Aproveitando-se o conceito sociológico de “não-lugar”, referente aos ambientes humanos de rápida circulação, notamos uma diferença radical no modo como sociedades internacionais abordam a questão dos refugiados. Se, no excelente longa-metragem de Karim Aïnouz, "Aeroporto Central" (2018), deparamo-nos com uma situação de acolhimento e nacionalização, o que é perscrutado por Bahman Kiarostami sufoca pelo excesso de ruídos comunicacionais, no trânsito entre habitantes de países vizinhos, que destacam-se pela homogeneidade idiomática, mas não político-econômica.

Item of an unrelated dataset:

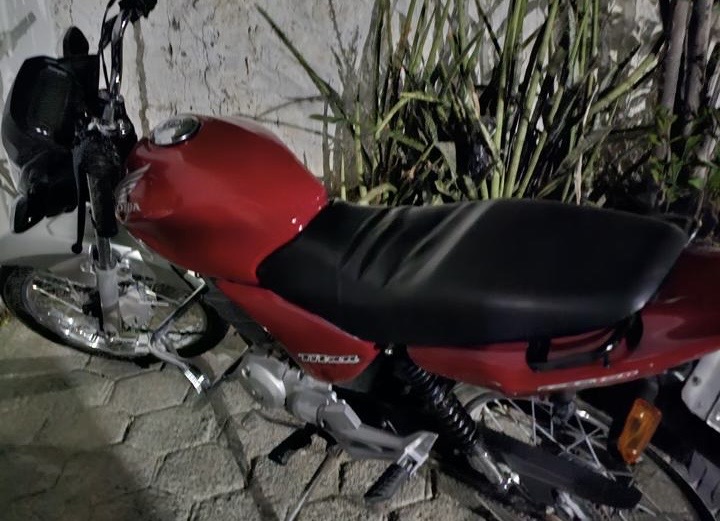 RESPOSTA! PM apreende moto flagrada perturbando sossego em Cansanção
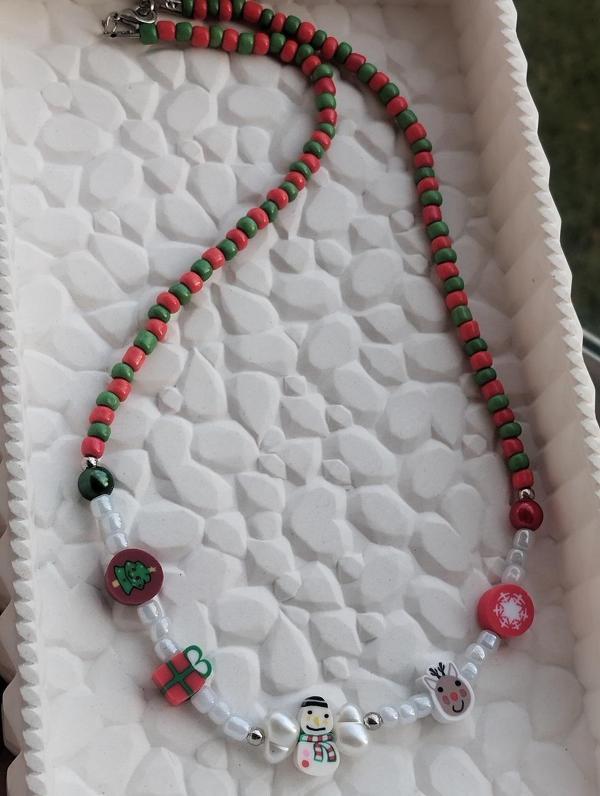 Amabel Jewelerys Kumboncuk, Yılbaşı Figürleri Detaylı Çocuk Kolye - Image 1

Por mais que, num olhar rasteiro, Afeganistão e Irã pareçam congêneres na opressão advinda da associação entre religião e Estado, o que percebemos neste documentário demonstra o quão equivocada é tal generalização: num Centro de Retorno, onde realizam-se as entrevistas que permitem que os afegãos retornem ao seu país, encontramos diversas pessoas que reclamam da desvalorização da moeda iraniana. Querem voltar ao Afeganistão porque crêem que, lá, poderão encontrar trabalho e organizar a vida, já que o poderio dos Talibãs arrefeceu. E, assim, ostentam a falta de dignidade de seus cotidianos…
Separando as entrevistas em blocos informais – os não-documentados, as mulheres desacompanhadas, os doentes, os tatuados, os viciados em drogas, etc. – o diretor mantém o espectador sufocado num emaranhado de mentiras, utilizadas como armas de sobrevivência num contexto de guerra longeva. Enquanto os afegãos inventam narrativas infundadas, no afã por retornarem ao país-natal que não mais conhecem, a canção homônima de Bob Marley and the Wailers é executada na banda sonora, falando sobre o percurso do “povo de Jah”, cujos caminhos errantes são trilhados após enorme tribulação e incompreensão. No meio de tudo isso, funcionários fatigados, ouvindo as mesmas invencionices, repetidas a fio num desgaste burocrático não impeditivo: ao final, um ônibus parte, lotado de passageiros. Mas as filas continuam imensas!
Wesley Pereira de Castro.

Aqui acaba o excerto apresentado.